Their work illustrates how many experiences, including those of women of color, have been ignored. It is time to begin bringing their stories out of the darkness. By making books by women of color more accessible, we can prove their stories are not tangential to the rest of society, as media so often depicts them.
We need these books to create the heroes young girls can look up to, to shape the dialogue that will help the people of diverse society we live in relate to each other, and create the cultural shift that will bring down the foundations of racism and sexism.

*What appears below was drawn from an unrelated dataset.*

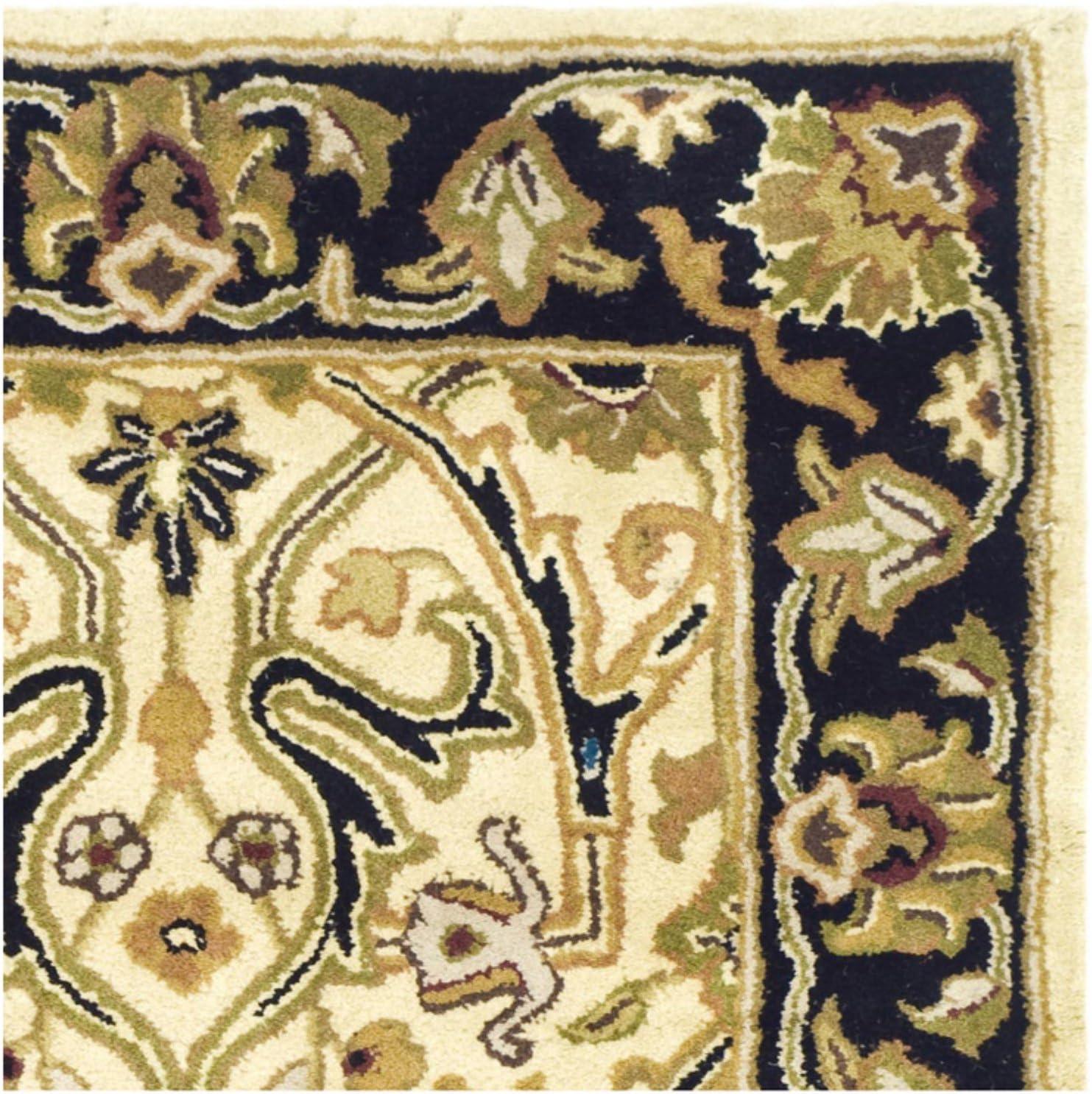 SAFAVIEH Heritage Oslo Traditional Wool Area Rug, Ivory/Black, 5' x 8'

If my argument isn’t convincing enough, here’s a list of 18 Adorable Reasons We Need More Diverse Books from BuzzFeed. If you are convinced though, below you can find a list of create books by women of color for you to pick up this Women’s History Month.
Novels:
- Jam on the Vine by LaShonda Katrice Barnett
- She Weeps Each Time You’re Born by Quan Barry
- We Need New Names by NoViolet Bulawayo
- I, Tituba, Black Witch of Salem by Maryse Conde
- If You Could Be Mine by Sara Farizan
- The Book of Unknown Americans by Cristina Henríquez
- The Star Side of Bird Hill by Naomi Jackson
- The Tusk That Did the Damage by Tania James
- A Bad Character by Deepti Kapoor
- Girl in Translation by Jean Kwok
- Island of a Thousand Mirrors by Nayomi Munaweera
- Everything I Never Told You by Celeste Ng
- Who Fears Death by Nnedi Okorafor
- Under the Udala Trees by Chinelo Okparanta
- Re: Jane by Patricia Park
- Voodoo Dreams by Jewell Parker Rhodes
- The Septembers of Shiraz by Dalia Sofer
- The Book of Salt by Monique Truong
Memoirs:
- Infidel by Ayaan Hirsi Ali
- Wave by Sonali Deraniyagala
- The Girl with Seven Names: A North Korean Defector’s Story by Hyeonseo Lee
- The Cooked Seed by Anchee Min
- Redefining Realness by Janet Mock
- I Am Malala by Malala Yousafzai
Happy reading!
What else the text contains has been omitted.